At the Gathering, my ministry was leading a workshop titled "Being Centered in Feeling and Communication." I had asked two participants in the workshop to companion me.

In the second class session, we were focused on assessing the meaning of Thomas Kelly’s A Testament of Devotion for our lives. As individuals shared and after a pause, I might make a comment expanding on what had been said. For me, building on what a participant offered seemed an appropriate opportunity and a more interesting way to share than a formal presentation might be. Suddenly a woman spoke out, "I wish to goodness you would quit making comments after a person speaks." Others in the class immediately protested her remarks. I was taken aback momentarily. Usually, I might have asked the woman to say more. The best I could muster was, "I certainly will reflect on that." Actually her remark struck an undefined chord in me. Was there something I needed to learn?

At lunch in the cafeteria right after this class session, I was approached by another woman I had met earlier at registration (I shall call her Beth). Previously we had connected easily and I welcomed her invitation to eat together. It turned out that the workshop person who had complained in class was a friend of Beth, and had told Beth about her problem with me in the class. In response to a question from Beth, I agreed it would be fine to discuss what had happened.

First, she asked how things were going with me and she listened. She told me the good things she sensed about my leadership. She was encouraging; I listened. She shared her experience of facilitating and teaching, and asked for my comments and questions. I listened and responded. I told of my view of facilitation and teaching and how it was different. She listened. We engaged in a non-defensive exploratory exchange of comments, questions, and responses. And as we continued, I felt we were covered in the Spirit. Something in me broke loose. Something in me opened up. I received a different view that changed my understanding, and ultimately, my practice of teaching and facilitation. I felt the power of the Spirit released in me. I was nurtured.

What characterized this eldering?

  • Although my contact with Beth had been brief, we shared mutually.
  • We listened and spoke to each other in such a way that I could hear and had a sense of her hearing me. There was a space created for respectfully calling forth the goodness and truth of each.
  • We took time and space apart from the situation in which the difficulty occurred.
  • We cut through pretense and nicety.
  • She expressed genuine concern about Gospel Order (living in a way that nurtures and maintains the covenantal relationship to God; listening and responding to God to harvest the fruit of faithful living).
  • She was thoughtful and sensitive to me so that I felt cared about as much as being the object of her concern.
  • She shared from a centered place.
  • She was plainspoken but spoke truth in love.
  • She saw an area where I was not clear and offered her help in discernment.
  • She viewed the challenge as partial, not total.
  • She was not deterred by a defensive fear of hurting me or dealing with emotions I might have.

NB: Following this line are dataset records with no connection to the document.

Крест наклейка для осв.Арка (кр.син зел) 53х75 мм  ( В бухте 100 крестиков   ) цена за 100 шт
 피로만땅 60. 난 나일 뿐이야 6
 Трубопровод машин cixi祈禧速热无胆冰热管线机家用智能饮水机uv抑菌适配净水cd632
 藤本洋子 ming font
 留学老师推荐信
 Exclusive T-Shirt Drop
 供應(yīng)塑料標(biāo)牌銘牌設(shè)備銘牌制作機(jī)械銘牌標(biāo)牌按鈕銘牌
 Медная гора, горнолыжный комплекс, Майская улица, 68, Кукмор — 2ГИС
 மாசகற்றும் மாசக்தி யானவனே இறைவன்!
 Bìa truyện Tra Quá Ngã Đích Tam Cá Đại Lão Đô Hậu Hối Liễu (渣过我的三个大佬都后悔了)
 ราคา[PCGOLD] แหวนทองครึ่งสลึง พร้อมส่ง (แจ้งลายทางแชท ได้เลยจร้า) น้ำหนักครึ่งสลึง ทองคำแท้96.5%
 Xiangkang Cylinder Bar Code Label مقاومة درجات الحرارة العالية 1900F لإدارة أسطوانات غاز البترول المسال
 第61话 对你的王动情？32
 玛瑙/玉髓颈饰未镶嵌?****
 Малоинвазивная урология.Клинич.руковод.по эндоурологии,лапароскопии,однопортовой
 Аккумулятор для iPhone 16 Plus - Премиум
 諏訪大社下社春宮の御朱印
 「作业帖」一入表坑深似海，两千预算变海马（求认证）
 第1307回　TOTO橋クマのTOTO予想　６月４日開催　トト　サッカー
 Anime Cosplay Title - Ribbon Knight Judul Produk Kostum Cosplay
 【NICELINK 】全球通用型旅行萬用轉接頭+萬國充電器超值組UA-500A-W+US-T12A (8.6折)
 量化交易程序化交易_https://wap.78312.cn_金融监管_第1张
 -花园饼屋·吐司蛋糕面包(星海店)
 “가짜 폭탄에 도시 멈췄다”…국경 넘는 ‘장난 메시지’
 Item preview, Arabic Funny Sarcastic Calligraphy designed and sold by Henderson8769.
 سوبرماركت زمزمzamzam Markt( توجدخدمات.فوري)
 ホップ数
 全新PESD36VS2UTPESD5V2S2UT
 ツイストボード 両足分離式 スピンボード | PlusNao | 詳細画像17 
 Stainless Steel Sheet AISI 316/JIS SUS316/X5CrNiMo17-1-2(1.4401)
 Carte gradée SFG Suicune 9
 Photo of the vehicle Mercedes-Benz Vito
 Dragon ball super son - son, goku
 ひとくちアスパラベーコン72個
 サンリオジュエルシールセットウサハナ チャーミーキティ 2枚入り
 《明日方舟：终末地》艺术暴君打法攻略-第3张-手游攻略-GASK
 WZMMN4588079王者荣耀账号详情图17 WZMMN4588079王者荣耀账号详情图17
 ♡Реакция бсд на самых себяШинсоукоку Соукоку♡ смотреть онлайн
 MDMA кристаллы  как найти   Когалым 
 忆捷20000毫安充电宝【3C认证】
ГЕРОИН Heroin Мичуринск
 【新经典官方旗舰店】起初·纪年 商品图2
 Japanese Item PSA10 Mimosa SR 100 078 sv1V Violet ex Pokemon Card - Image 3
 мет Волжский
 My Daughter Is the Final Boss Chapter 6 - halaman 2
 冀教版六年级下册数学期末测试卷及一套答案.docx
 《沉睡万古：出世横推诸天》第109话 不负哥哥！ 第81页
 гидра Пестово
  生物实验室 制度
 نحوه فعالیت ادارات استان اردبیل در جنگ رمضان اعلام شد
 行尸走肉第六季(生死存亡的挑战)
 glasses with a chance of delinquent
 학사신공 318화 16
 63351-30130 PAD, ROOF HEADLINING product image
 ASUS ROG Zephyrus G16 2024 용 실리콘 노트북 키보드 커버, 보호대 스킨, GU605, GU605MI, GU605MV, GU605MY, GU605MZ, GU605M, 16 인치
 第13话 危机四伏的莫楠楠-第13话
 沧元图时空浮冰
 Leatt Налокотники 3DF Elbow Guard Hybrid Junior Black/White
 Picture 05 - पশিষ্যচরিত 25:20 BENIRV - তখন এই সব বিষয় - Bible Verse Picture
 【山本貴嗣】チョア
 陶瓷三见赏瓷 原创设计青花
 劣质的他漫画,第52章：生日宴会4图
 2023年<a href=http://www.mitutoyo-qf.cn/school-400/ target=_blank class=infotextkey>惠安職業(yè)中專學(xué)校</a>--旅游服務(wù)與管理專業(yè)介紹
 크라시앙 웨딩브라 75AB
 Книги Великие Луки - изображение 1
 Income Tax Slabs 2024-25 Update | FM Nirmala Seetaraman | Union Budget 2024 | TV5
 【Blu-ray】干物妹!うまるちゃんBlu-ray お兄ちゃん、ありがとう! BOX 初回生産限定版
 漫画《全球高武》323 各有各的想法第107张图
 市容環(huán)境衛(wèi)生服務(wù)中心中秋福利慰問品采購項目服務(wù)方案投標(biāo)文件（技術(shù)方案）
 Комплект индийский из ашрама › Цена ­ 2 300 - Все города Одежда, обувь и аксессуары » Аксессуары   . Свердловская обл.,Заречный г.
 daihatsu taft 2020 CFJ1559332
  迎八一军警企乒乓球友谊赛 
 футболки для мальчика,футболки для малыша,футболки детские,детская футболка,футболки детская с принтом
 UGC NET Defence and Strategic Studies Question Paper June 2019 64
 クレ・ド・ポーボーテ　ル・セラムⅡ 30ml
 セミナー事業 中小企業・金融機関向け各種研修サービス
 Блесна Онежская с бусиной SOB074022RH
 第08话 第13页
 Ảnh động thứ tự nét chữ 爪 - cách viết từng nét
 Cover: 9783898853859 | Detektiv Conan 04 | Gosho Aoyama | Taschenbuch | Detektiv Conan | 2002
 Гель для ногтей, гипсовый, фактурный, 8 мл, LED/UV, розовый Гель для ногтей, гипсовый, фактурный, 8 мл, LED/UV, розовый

It was an amazing, unexpected experience. Beth was my angel for the day. Discernment with my class companions validated the experience.

The essence of eldering as a function, both named and unnamed, has gone through a variety of manifestations from the formative years in Quakerism to the present day. It has been viewed both as a corporate concern and as an individual leading. This function has been carried by seasoned, mature Friends, and spontaneously and creatively carried by Friends of all ages as well. I am coming to see this eldering function as a spiritual practice integral to being a faithful Friend who is well used.

Margery Mears Larrabee

Margery Mears Larrabee is a member of Mt. Holly (N.J.) Meeting. This is an excerpt from an unpublished manuscript, Eldering Is Essential.